Whenever I get a “run” of client calls about a specific topic, I assume that the Tax Universe is telling me to blog about it. Lately, that topic has been the tax rules for business owners who have elected to operate as a Subchapter S Corporation (Sub S). Business owners often form an LLC to protect their personal assets. An LLC can be operated for tax purposes in one of several ways, including the election to operate for tax purposes as a Sub S. That election has some advantages, but it adds more complexity as well.

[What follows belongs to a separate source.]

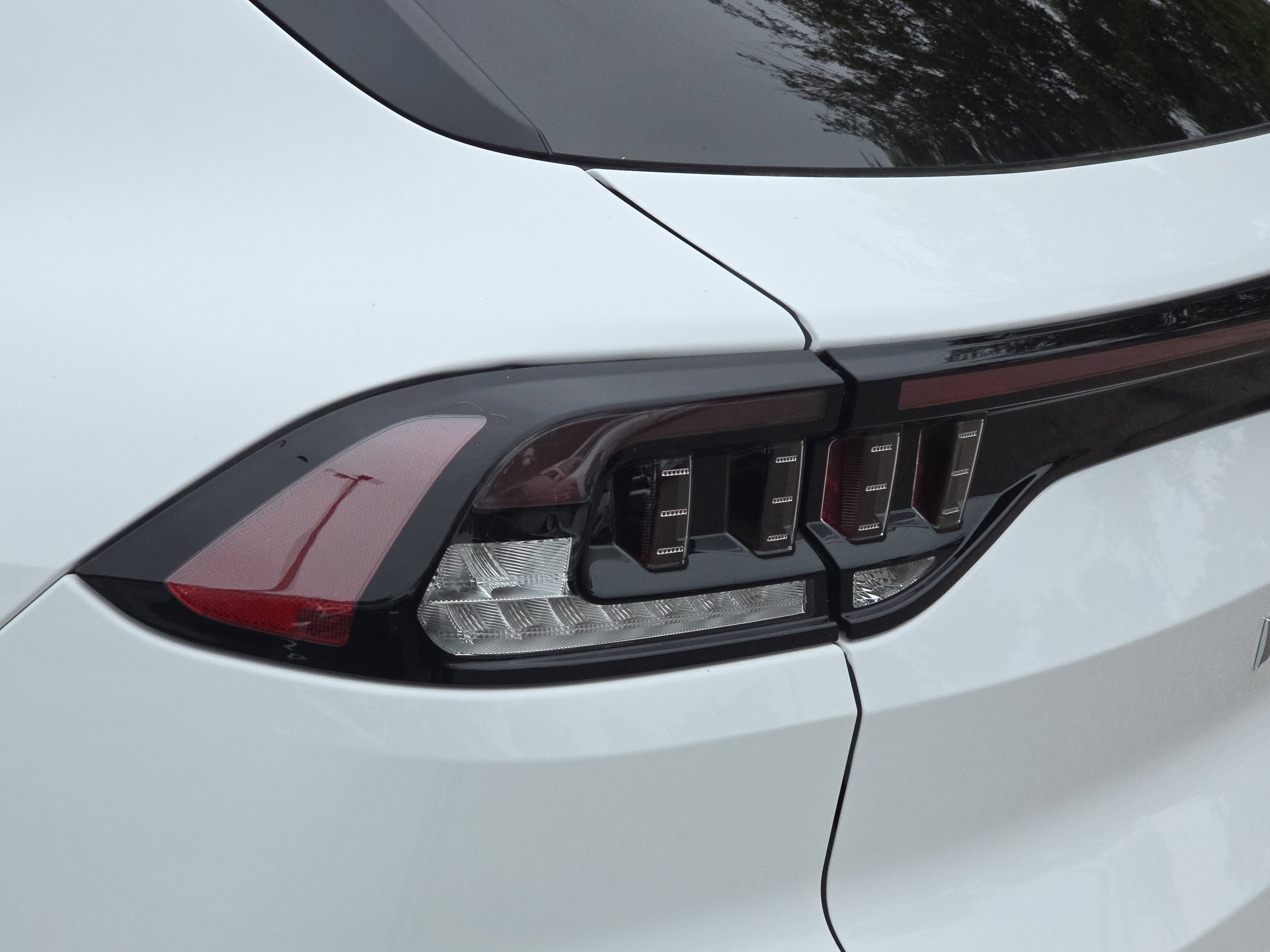 New 2025 VinFast VF 8 Plus image 33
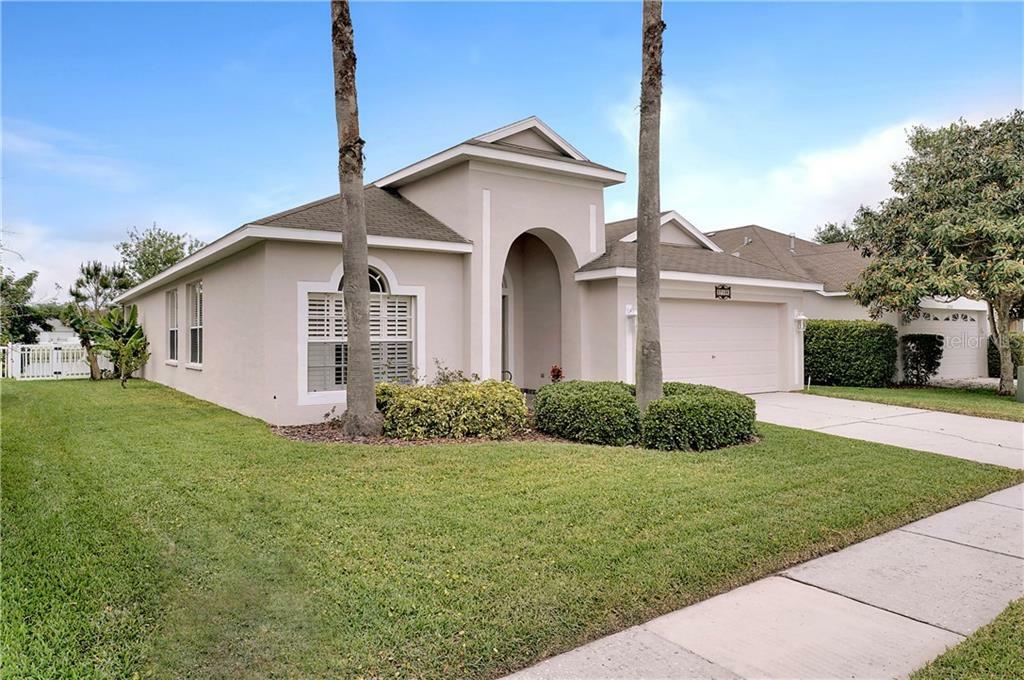 Property Photo:  27106 Arrowbrook Way  FL 33544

If your business operates for tax purposes as a Sub S, or you are thinking about forming one, here are a few things to know:

  • Qualification – To qualify for Sub S status, the business must be a corporation that has between one and 100 shareholders who are domestic individuals, certain trusts, or estates. A Sub S can only have one class of stock. The corporation must have legal formation documents, an operating agreement, a separate tax ID, and documented shareholder meetings. 
  • Avoid Double Taxation – Sub S Corporations pass corporate income, losses, deductions, and credits through to their shareholders for tax purposes. However, there are a few exceptions when a Sub S is responsible for tax, such as built-in gains and passive income. Shareholders of a Sub S report their pro rata share of income and losses on their personal tax returns, subject to tax at the shareholder’s individual income tax rates. 
  • Shareholder Compensation – Sub S Corporations must pay reasonable compensation in the form of wages to a shareholder-employee if that the employee provides services to the corporation. Wages are reported on a W-2 and are subject to employment taxes. Net profits or losses from operations are reported on a Form K-1 and treated as non-wage distributions, which are not subject to employment taxes. 
  • Limited Losses – The fact that a shareholder receives a K-1 reflecting a loss does not mean that the shareholder is automatically entitled to deduct the loss. She or he must first have adequate stock and/or debt basis to claim that deduction. Each shareholder is responsible for tracking her/his own basis. Loss deduction amounts also depend on at-risk and passive activity loss limitations. 

These are just a few of the things to know when operating your business as a Sub S for tax purposes. There are a lot of rules on this topic, so visit https://www.irs.gov/businesses/small-businesses-self-employed/s-corporations and the “Related Topics” links on the right to get more details, instructions, forms, and all the other stuff you’ll need. Like I said, electing to operate as a Subchapter S Corporation has some complexities, so make sure you do your homework before getting started. Or think about consulting a qualified tax professional.